出して速攻を与えて殴るだけでも4マナ増えて4点飛ばせるわけですから、《稲妻のすね当て》《速足のブーツ》や新カード《溶岩拍車のブーツ》のような速攻付与カードのリターンは大きくなります。
《パンハモニコン》《うろつく玉座》などで誘発そのものを増やす手や、《倍増の季節》などでトークンを増やし疑似的に誘発を増やすやり方もあります。
調整の末に抜けがちなカードの代表格である《パンハモニコン》は、ロクサーヌ自身の能力と着地した隕石の能力をそれぞれ増やすので2個の隕石と4つの2点ダメージが飛ぶことになります。流石に今回はデッキから抜けることはないのではないでしょうか。
後者ですと《倍増の季節》はロクサーヌとマナ域が被っている上にカウンター倍化の方の能力がいらないので《似通った生命》が優先されます。全部入れて気持ち良くなりたい派でしたら《野生の活力》もどうぞ。《焦熱の解放》や《擾乱のドミヌス、ソルフィム》などのダメージ増加系も相性が良いです。
十分に隕石を降らせたあとの《再度の収穫》は凄まじいことが起きる可能性があります。ここまでに紹介した倍化系カードが場に出ていればまさに流星群。
構築次第ですが、《精力の護符》があると《連続突撃》系カードでの無限コンバットがやりやすくなります。

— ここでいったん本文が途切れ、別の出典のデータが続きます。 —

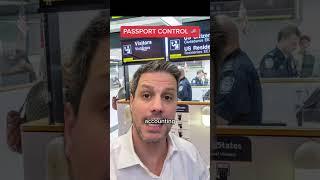  PASSPORT CONTROL IN USA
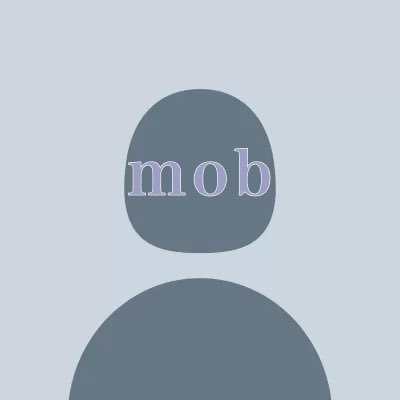 mobさんのプロフィール画像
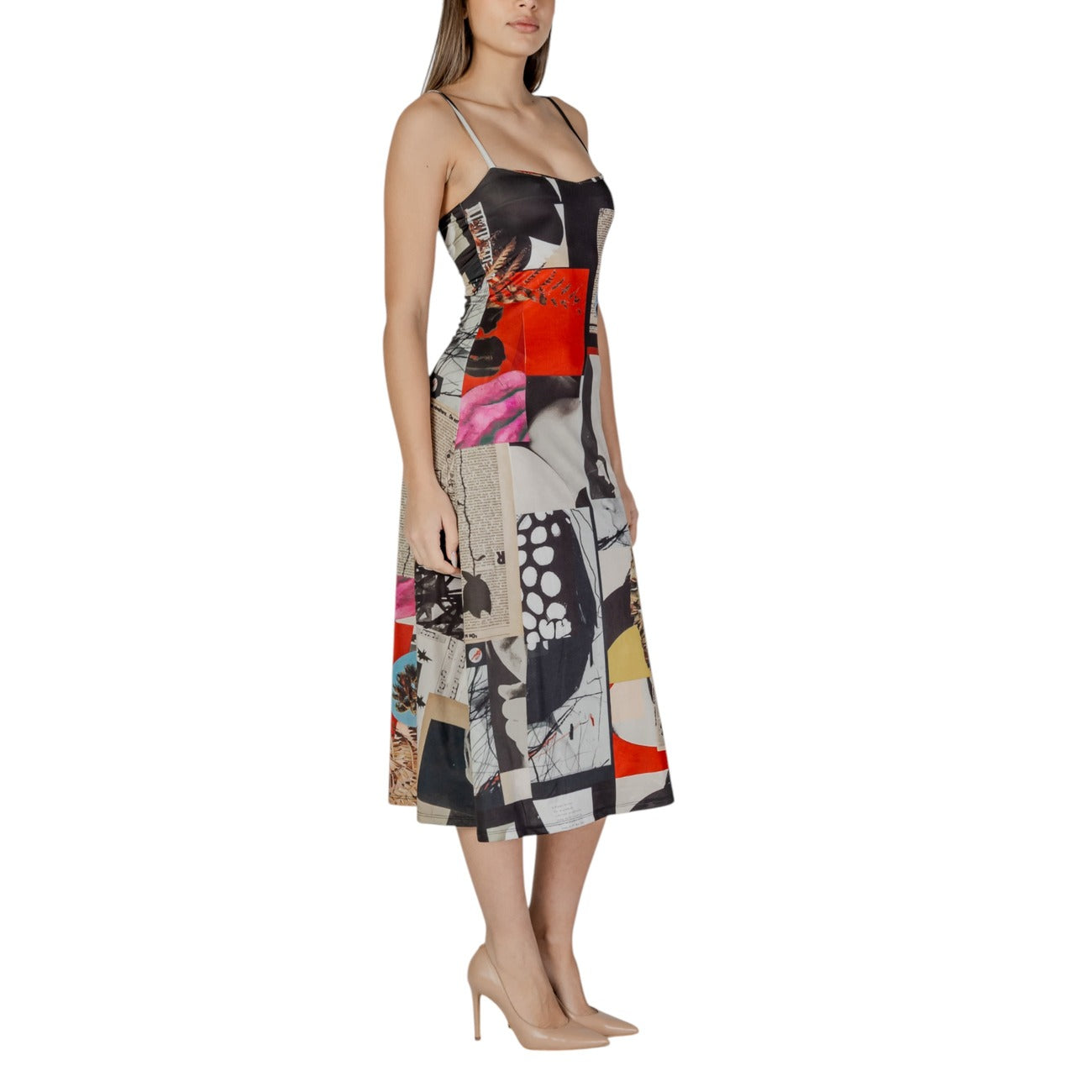 Printed Dress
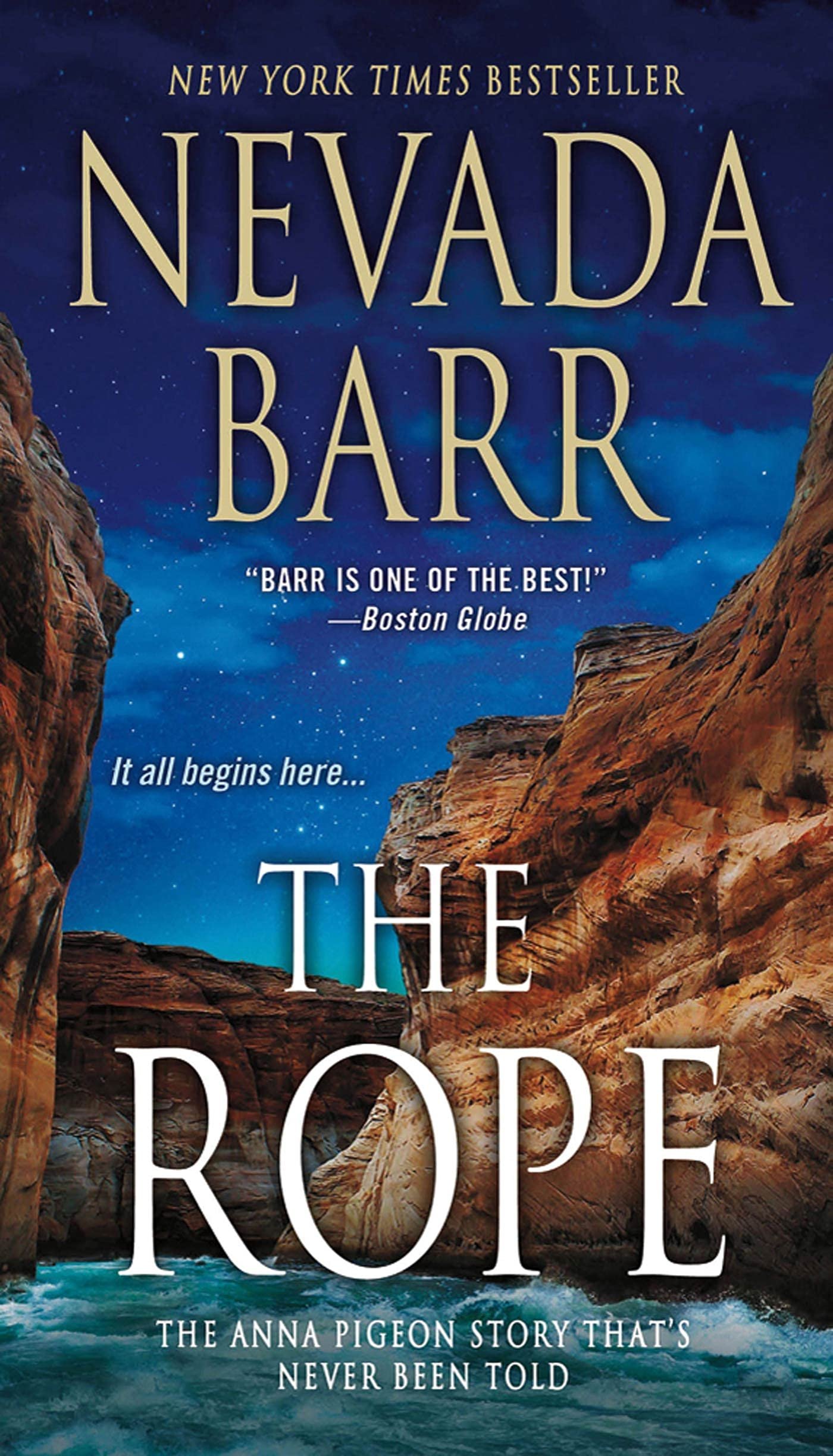 The Rope: Anna Pigeon's First Case (Anna Pigeon Mysteries, 17) Barr, Nevada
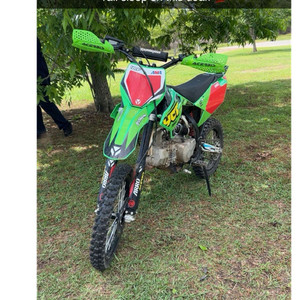 YCF ARRO Daytona 190cc Dirt Bike Motorcycle - Green Red Black Colors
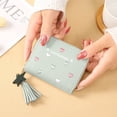 thumbnail image 1 of RXIRUCGD Womens Wallet With Slots Small Wallets For Women Bifold Slim Coin Purse Zipper ID Card, 1 of 6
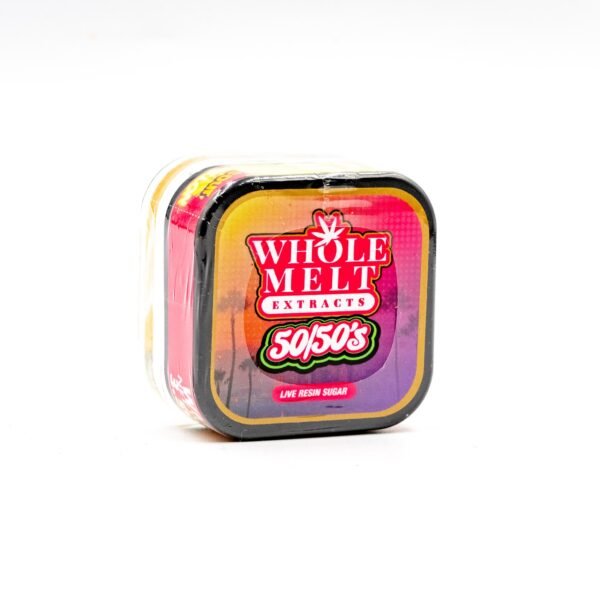 Whole Melt 3.5 50/50 LIVE RESIN SUGAR WAX (8)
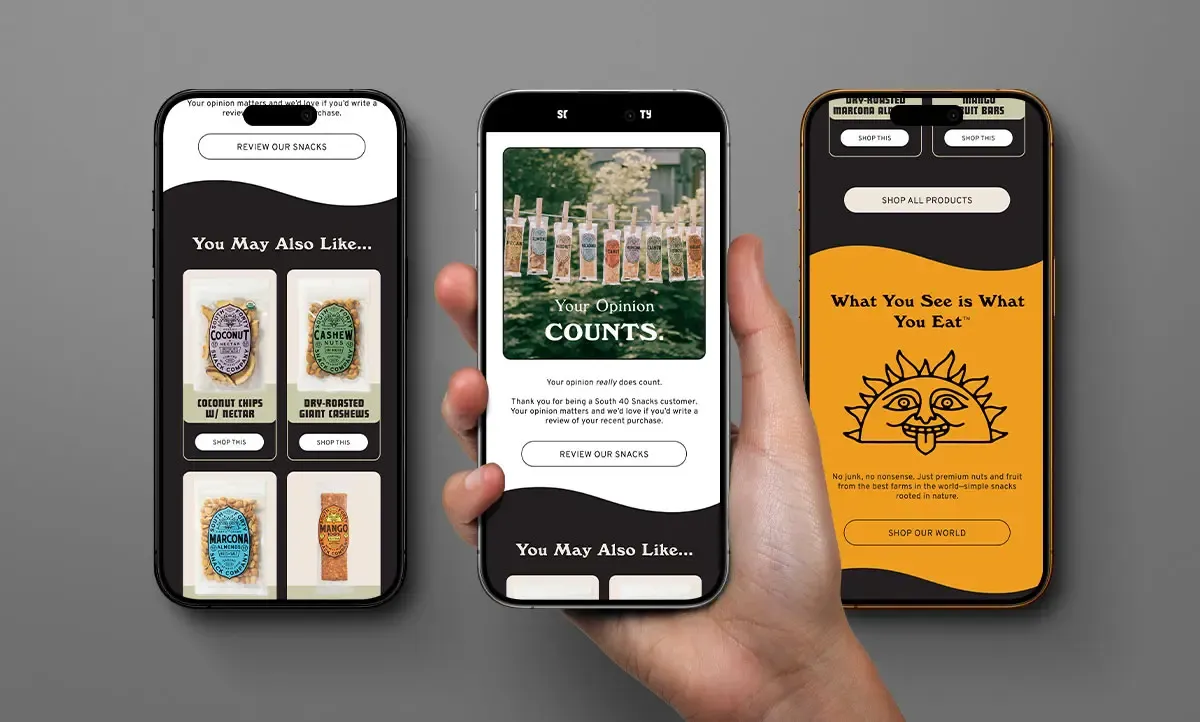 Visual journey image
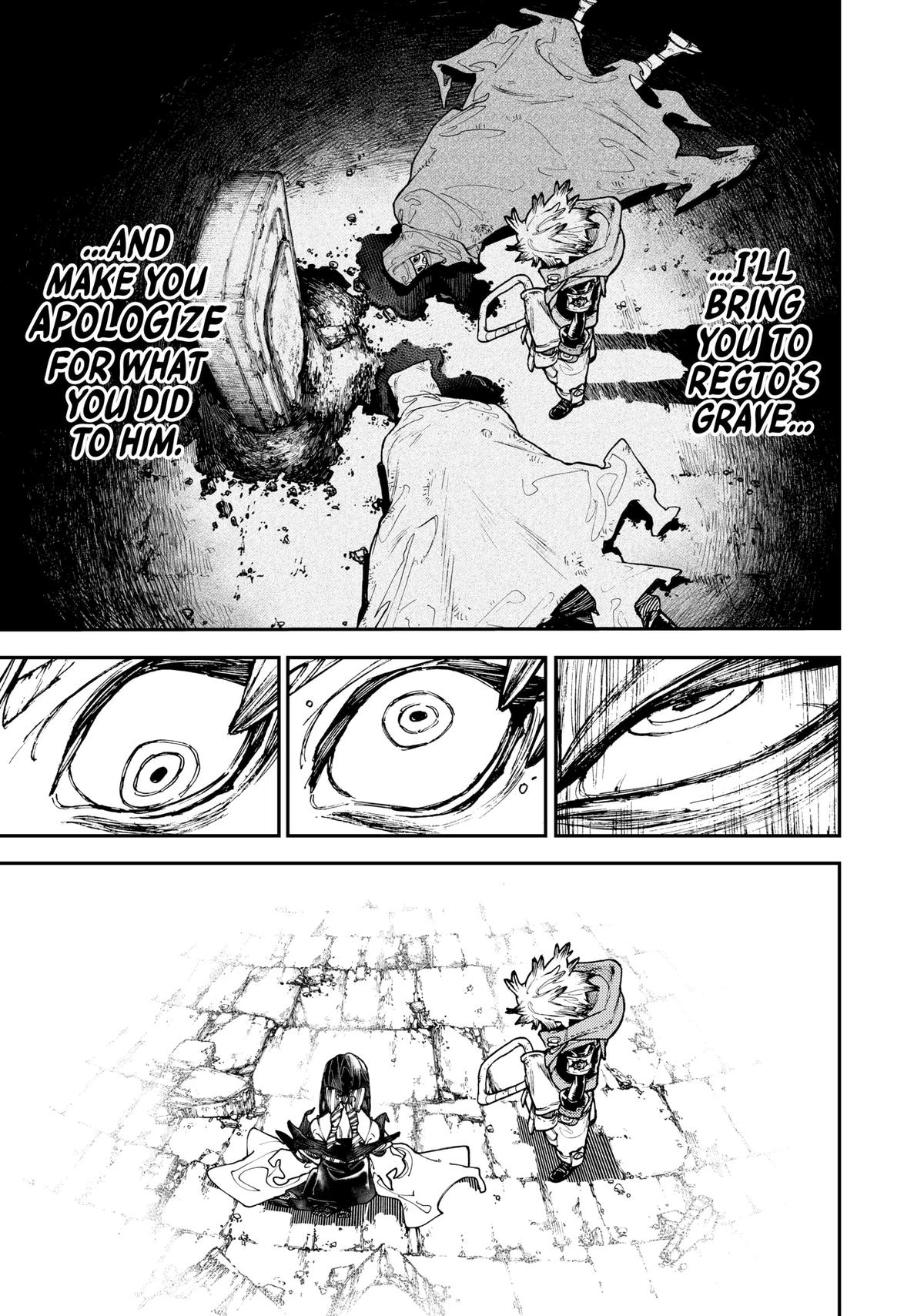 Gachiakuta Chapter 43 Page 7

無限でなくとも3回4回殴ったらほとんど勝ちそうな盤面になるのではないでしょうか。
《連続突撃》は残念ながらサーチできないので、クリーチャーである《ヘルカイトの突撃者》あたりが現実的なラインでしょうか。
無限と言わずとも単純に戦闘回数を増やしたいなら《今を生きる》や《港を滅ぼす者》《アクームの怒り、モラウグ》などの1枚で2回以上コンバットを増やせる面々が効率良さそうです。
アーティファクトトークンについて
ゲームの序盤は《敏捷なこそ泥、ラガバン》《顔壊しのプロ》《厚顔の無法者、マグダ》のような宝物生成を担当する小型クリーチャーを並べて細かく殴っていくプランが強いです。
令和に入ったあたりから宝物をはじめとしたアーティファクトトークンを扱うメカニズムは猛プッシュされており、戦力には困りません。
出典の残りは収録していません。